TASK
Pictures stay out of the answer, but every line of the material must be restated exactly.

RECORDED INFORMATION

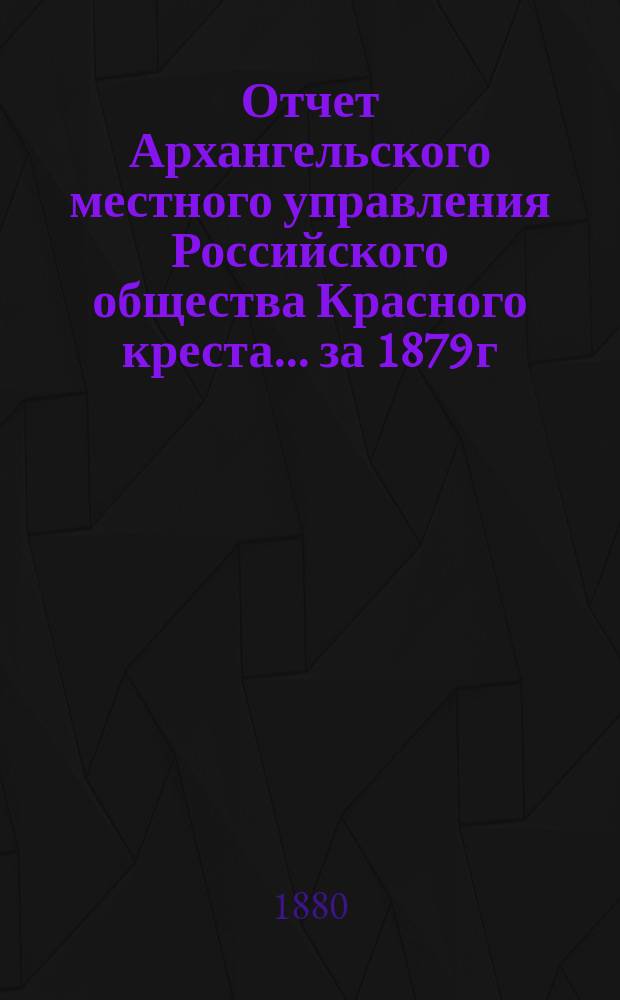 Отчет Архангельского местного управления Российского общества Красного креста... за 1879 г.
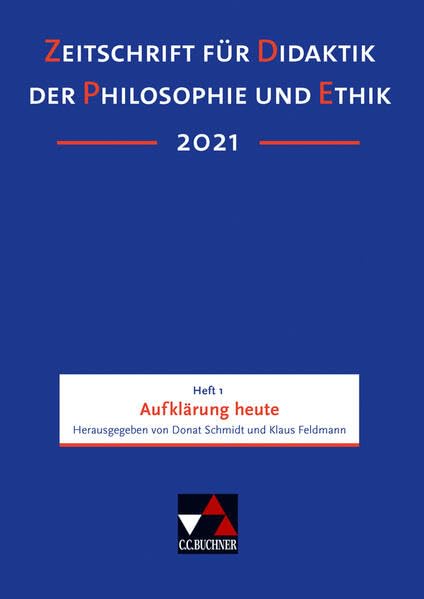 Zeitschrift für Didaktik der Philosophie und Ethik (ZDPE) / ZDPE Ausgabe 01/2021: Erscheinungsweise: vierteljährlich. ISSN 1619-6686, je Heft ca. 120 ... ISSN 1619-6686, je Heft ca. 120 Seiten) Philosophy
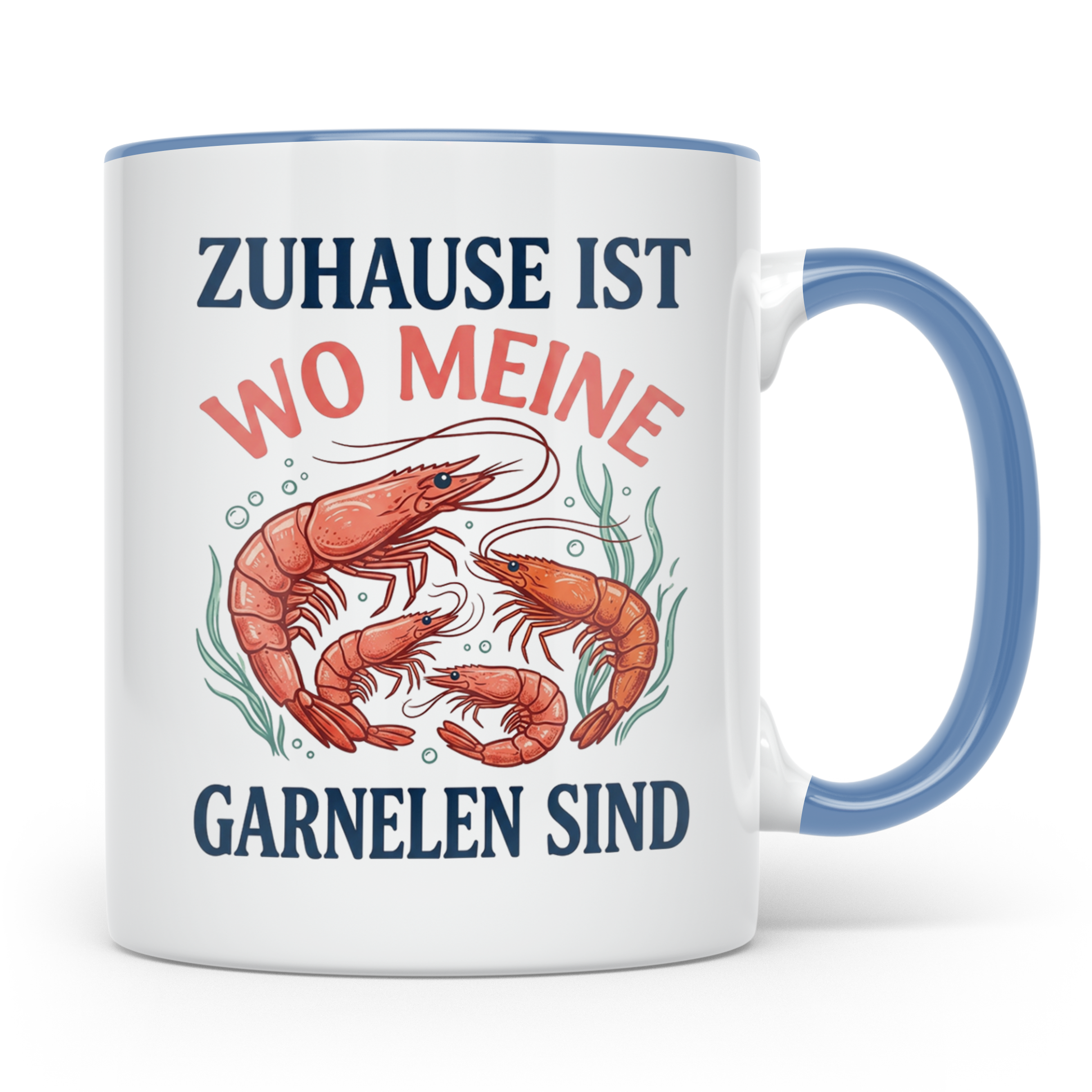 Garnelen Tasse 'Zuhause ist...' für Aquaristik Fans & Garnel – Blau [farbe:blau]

RESULT
 Отчет Архангельского местного управления Российского общества Красного креста... за 1879 г.
 Zeitschrift für Didaktik der Philosophie und Ethik (ZDPE) / ZDPE Ausgabe 01/2021: Erscheinungsweise: vierteljährlich. ISSN 1619-6686, je Heft ca. 120 ... ISSN 1619-6686, je Heft ca. 120 Seiten) Philosophy
 Garnelen Tasse 'Zuhause ist...' für Aquaristik Fans & Garnel – Blau [farbe:blau]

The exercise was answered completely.